■ Exercise description
Which lines run from the one containing "Professional Digital Chess Timer YS-9901/YS-902 1" to the end of the entries? Quote them exactly, and nothing else.

(Supplied material)

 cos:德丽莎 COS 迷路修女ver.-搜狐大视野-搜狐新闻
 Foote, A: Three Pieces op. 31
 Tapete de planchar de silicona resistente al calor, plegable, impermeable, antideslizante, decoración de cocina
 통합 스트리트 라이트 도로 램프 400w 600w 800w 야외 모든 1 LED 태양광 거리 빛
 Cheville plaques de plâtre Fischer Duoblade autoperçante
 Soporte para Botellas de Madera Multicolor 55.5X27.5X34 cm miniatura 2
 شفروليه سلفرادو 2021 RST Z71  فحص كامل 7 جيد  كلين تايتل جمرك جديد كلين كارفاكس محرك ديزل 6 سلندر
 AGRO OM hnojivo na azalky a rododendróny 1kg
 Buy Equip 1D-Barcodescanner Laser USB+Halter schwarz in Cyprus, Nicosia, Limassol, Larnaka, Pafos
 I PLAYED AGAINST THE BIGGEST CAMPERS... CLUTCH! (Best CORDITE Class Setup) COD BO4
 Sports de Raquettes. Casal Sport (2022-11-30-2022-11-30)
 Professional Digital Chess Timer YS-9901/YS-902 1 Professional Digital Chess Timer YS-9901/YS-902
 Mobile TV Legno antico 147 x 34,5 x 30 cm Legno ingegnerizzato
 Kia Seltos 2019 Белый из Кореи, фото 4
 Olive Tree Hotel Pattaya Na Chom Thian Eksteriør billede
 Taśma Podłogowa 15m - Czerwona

(End Supplied material)

■ Worked solution
 Professional Digital Chess Timer YS-9901/YS-902 1 Professional Digital Chess Timer YS-9901/YS-902
 Mobile TV Legno antico 147 x 34,5 x 30 cm Legno ingegnerizzato
 Kia Seltos 2019 Белый из Кореи, фото 4
 Olive Tree Hotel Pattaya Na Chom Thian Eksteriør billede
 Taśma Podłogowa 15m - Czerwona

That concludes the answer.